KEY POINTS:
New roads, bridges, underpasses and bus lanes galore are ingredients of a $1.5 billion super-transport scheme to ease nightmare congestion and boost development around Auckland's Tamaki River.
Days will also be numbered for the notorious Panmure roundabout, subject to the scheme's approval in coming weeks by the Auckland and Manukau city councils and the regional transport authority.
Much of the roundabout traffic will be diverted along a new arterial route between a widened Mt Wellington Highway and Glen Innes, passing under the Ellerslie-Panmure Highway and allowing the six-road roundabout to be collapsed into a four-road intersection controlled by traffic lights.
Planners hope a diversion of 30,000 vehicles a day - compared with 50,000 using the roundabout now - will open up the Panmure town centre to more intensive mixed-use development, and make it easier for residents to walk or cycle to the suburb's new railway station and bus interchange.

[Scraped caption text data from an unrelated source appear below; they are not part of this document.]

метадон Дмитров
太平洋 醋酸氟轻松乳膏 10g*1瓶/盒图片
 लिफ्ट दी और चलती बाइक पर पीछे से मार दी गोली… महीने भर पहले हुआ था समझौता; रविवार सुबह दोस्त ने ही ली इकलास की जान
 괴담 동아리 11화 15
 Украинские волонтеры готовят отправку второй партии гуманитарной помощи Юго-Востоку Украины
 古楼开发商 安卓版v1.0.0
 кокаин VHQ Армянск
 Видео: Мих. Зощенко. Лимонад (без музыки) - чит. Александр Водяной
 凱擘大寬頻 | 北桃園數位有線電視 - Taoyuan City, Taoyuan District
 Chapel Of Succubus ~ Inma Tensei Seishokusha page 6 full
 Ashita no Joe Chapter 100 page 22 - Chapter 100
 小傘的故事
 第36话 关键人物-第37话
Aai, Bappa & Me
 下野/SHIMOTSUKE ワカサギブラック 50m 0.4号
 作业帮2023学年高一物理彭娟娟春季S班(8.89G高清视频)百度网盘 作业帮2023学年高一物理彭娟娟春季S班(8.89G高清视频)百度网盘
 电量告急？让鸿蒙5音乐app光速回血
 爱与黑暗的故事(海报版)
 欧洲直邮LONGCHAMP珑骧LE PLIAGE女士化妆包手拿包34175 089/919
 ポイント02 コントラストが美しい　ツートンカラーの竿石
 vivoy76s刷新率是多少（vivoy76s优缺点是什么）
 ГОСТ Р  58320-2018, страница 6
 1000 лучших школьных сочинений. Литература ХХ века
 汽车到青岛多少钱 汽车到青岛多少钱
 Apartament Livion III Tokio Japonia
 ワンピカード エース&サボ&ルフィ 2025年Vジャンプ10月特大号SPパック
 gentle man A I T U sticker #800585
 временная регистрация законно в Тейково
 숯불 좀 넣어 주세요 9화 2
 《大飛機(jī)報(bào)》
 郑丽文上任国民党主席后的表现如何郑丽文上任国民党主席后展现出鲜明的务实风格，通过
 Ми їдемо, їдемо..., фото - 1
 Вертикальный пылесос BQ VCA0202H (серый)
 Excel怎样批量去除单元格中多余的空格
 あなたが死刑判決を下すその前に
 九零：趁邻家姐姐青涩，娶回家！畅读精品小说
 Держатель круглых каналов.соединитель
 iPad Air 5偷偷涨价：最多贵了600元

That will help to raise up to $200 million in development contributions towards Auckland City's expected $871 million share of the 15-year scheme. Manukau City's share will be around $600 million.
General traffic will also be restricted to one lane in each direction over Panmure Bridge, leaving the other lane for the 39 peak-time buses an hour proposed in the Auckland Regional Transport Authority's passenger transport network plan.
Motorists will be catered for by a duplicate bridge further south along the Pakuranga Motorway, allowing commuters from Howick a more direct route behind the Pakuranga town centre and along a viaduct over Ti Rakau Drive from Reeves Rd.
That should mean far less general traffic, and therefore better opportunities for mixed-use development, along the town centre's congested Pakuranga Rd frontage.
A duplicate bridge will also be built further east along Ti Rakau Drive, across Pakuranga Creek, making it easier for commuters from suburbs such as Glen Innes to get to East Tamaki's expanding industrial parks.
Although a key aim is to boost public transport use in a part of Auckland where it accounts for just half the regional average for commuter trips, or 4 per cent, those wedded to their cars will be offered better road connections and time savings.
Motorists travelling from Pakuranga to the Southern Motorway via the Southeastern Highway will enjoy a fully "grade-separated" route, after improvements to intersections with Waipuna Rd and Carbine Rd.
A separated intersection is proposed for Waipuna Rd, and local traffic along Carbine Rd will have to make a loop detour, taking it under the highway next to the new railway station being built at Sylvia Park.
The proposals are part of what planners call the Auckland Manukau Eastern Transport Initiative, which they began almost as soon as the controversial Eastern Motorway proposal was ditched in the fallout from the 2004 local body elections.
Although they are eager to distance it from that scheme, which involved a motorway through the middle of Hobson Bay, it retains some elements such as the separation of general commuter traffic from buses over the Tamaki River and a public transport hub at Panmure.
But the planners say the new proposal gives far more attention to encouraging public transport use, which they hope to boost to 13 per cent of commuter trips, and making the urban environment far more conducive for cycling and walking.
Auckland City transport general manager Stephen Rainbow says a "do minimum" approach would cause undue hardship to the thousands caught in traffic jams and put at risk about $3 billion of potential development around the Tamaki River.
His council is already under pressure from the Mt Wellington quarry suburb development, which will add 8000 new residents.
Although some local residents fear a road the developers are building through the quarry will draw more commuters, the city council is confident its own new linkages will take traffic off congested local routes.
They acknowledge the new road to Glen Innes will add some traffic to Kohimarama Rd, but say modelling has shown there will be fewer than 1000 extra vehicles a day.
Dr Rainbow said a longer-term objective was to extend bus lanes all the way down the Ellerslie-Panmure Highway and Great South Rd to the $47 million busway the council is planning from Newmarket to Britomart.
Auckland City has earmarked $800 million in its long-term planning for the scheme, towards which it hopes to raise more than $400 million from Land Transport NZ, $200 million from developers, $100 million from tolls, and $100 million from ratepayers.
But although Dr Rainbow said Manukau City representatives on the scheme's political steering group were "strongly supportive" of it, that council's transport committee voted against imposing tolls on a duplicate Tamaki River crossing.
Manukau Mayor Sir Barry Curtis said on Friday that his strong preference was for a regional petrol tax.